OK, I have a solution, but it is very
inefficient, for those familiar with big-O notation, the algorithm
takes O(n3) steps to compute (where n is the number of
points), simply put this means that it takes less than
kn3 operations for some constant k. O(n3) is
usually considered pretty inefficient for an algorithm.
The key thing to note for my algorithm, is that if you have a best
placed circle which encompasses at least two points, then there is
another best placed circle encompassing the same number of points
which has two points on the boundary. You can see this
geometrically, by slowly moving the best placed circle to the right
until one of the points touches the edge, then rotating the circle
about the point touching the edge until another point touches the
edge. Therefore, there is a best circle which has the property that
there are two points on the boundary of the circle. This suggests a
simple algorithm. For all pairs of points not more than a distance
of 2r away from one another, calculate the centres of the (at most)
two circles which have those points on the boundary. This can be
done with some elementary vector algebra, which I can be more
explicit about if you want. Then, compute the number of points
inside both of these circles. Do this for all of the pairings, and
choose the one with the most points inside it.

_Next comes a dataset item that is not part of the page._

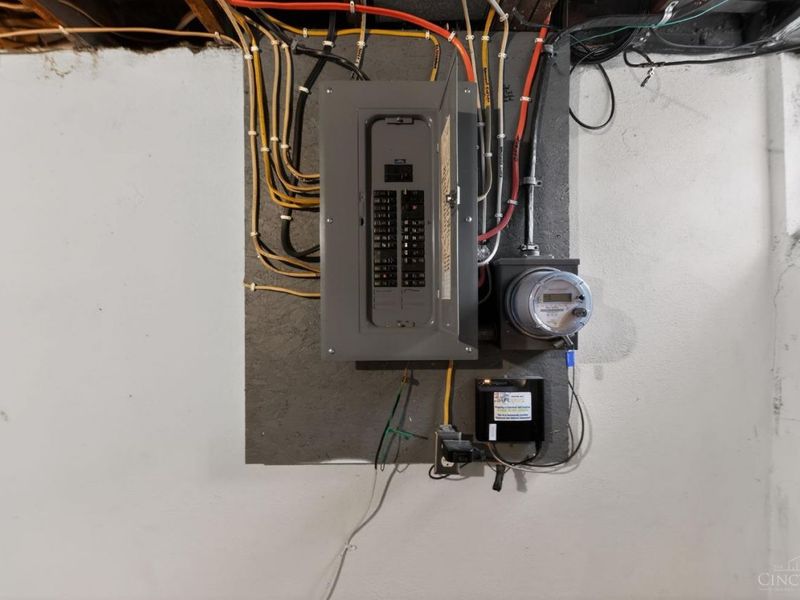 8627 Reading Road, Reading, OH 45215 Photo 23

I think that this method guarantees the best choice of a circle
assuming that the centre of the circle doesn't have to be on a grid
point. There are some simple optimizations for this algorithm, you
might even be able to reduce the computational complexity below
O(n3), although nothing immediately occurs to me.
The center of the circle is on a grid point, which makes a
solution involving checking every grid point possible but
inefficient. Sorry for not mentioning this before. Also, perfect
answers are not required, just a strategy, although perfect answers
would be nice.
Tom
By the way, what do you need this algorithm for? I've come up with a couple of plausible uses for such an algorithm (e.g. placing radio masts to deliver a signal to the maximum number of homes), but what's yours, if that's not too personal a question? :) I haven't yet managed to come up with an efficient strategy, but I'll keep thinking about it.
It's an attempt to allow a computer to spot important areas on a
grid; basically, there is a cost for each circle that is placed on
the region and every object within that circle is affected somehow.
The aim is to maximise the effect/cost ratio. This is important in
e.g. strategy games, but also more generally.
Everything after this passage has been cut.